A: In my view, the basis for determining the "right" level depends on where lies the line dividing what a agent can be assumed to have complete control over versus what the agent can only seek to influence. Another perspective is that the same actor may be trying to solve a hierarchy of problems (e.g. navigate across a city to the office *and* drive the car safely and comfortably in the moment *and* control one's muscles to produce desired movements in one's limbs): at each level of the hierarchy once could consider an agent specific to that hierarchy that receives instructions from a higher level and determines actions in the form of instructions to a lower level agent. (At the lowest levels, an agent may not be needed at all, as a simple mechanical device could effect the desired change.)

First, let us contrast the option of drawing the interface at the driving controls (accelarator, brake, steering wheel) versus considering actions to be tire torques. The latter approach implicitly assumes that the agent is able to specify actions as precise (changes to?) tire torques. In other words, irrespective of external conditions (e.g. the slope, weather, road surface, tire inflation and temperature, etc), it assumes that the agent knows exactly how to, say, increase the torque on the front right wheel by exactly 1 newton-meter. Practically, that seems unrealistic: as a driver I feel I can precisely control the position of the steering wheel, pressure on the brake pedal, etc; while I have some sense of how this will translate into the car's behaviour on the road, this is not exact and in fact depends on many external factors.

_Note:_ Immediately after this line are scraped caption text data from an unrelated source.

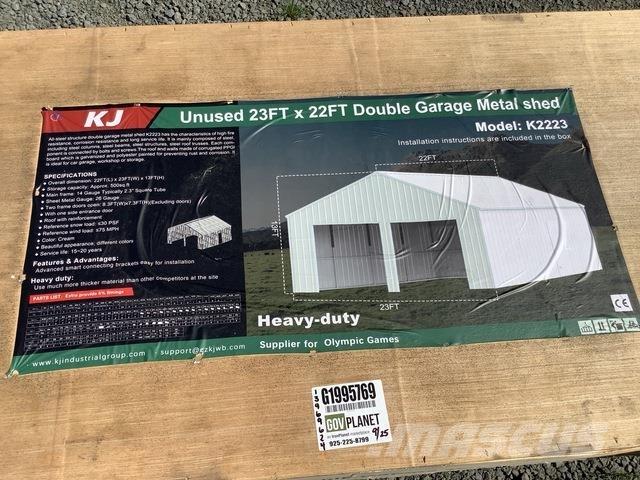 KJ K2223 Tērauda karkasa ēkas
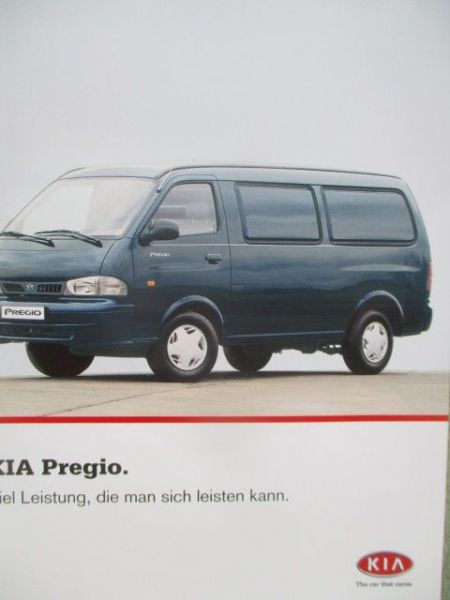Kia Pregio Transporter 3/2003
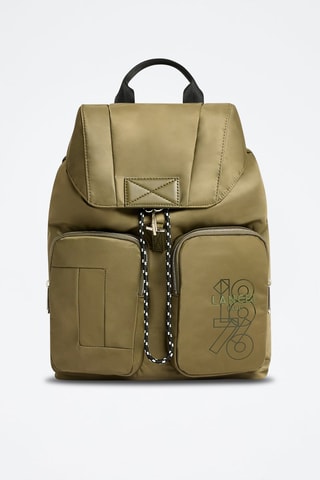 Mochila Leo - Verde-azeitona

Next, let us contrast the option of drawing the interface at the driving controls versus as electrical signals to my muscles (or, if I were to replace myself with a humanoid robot, to the robot's actuators). If I am not sure exactly how to get my arms to turn the steering wheel at a desired rate, then this would seem reasonable. In fact, when I was first learning to drive a car (or perhaps even now, when driving an unfamiliar vehicle) this may be a sensible choice: I may not yet have a feel for how hard I need to pull the steering wheel to have the desired effect. But for most purposes, this seems to be an overcomplication of the problem: I have a pretty good sense of how to control my limbs, and it would simplify the learning challenge if I take that as a given and concentrate on driving at the more abstract level of operating the car's controls. Note however, that my authority over the car's controls is not absolute: a water bottle could roll under the brake pedal, or I could suddenly get cramp in a leg — so there may be circumstances where if I frame actions purely in terms of changes to the car's controls, I may not be able to realise those actions.

Finally, let us contrast the option of drawing the interface at the driving controls versus at the level of deciding *where* to drive (e.g. drive along the motorway until junction 8, take the first exit at the roundabout, etc). This choice really depends on the level of the problem hierarchy we are dealing with. Once we have assumed: (a) that we have a low level agent who is effectively able to use electrical signals to control the movement of my limbs; (b) a mid-level agent who is effectively able to operate the car's controls to control the car's immediate velocity, rate of acceleration, turn, etc; then the next level of the hierarchy is to use that mid-level agent to get us from A to B. For this purpose, we may consider a high level agent (i.e. a navigator, which could be myself, a passenger or even a sat-nav system) that gives control signals in the form of highly driving instructions.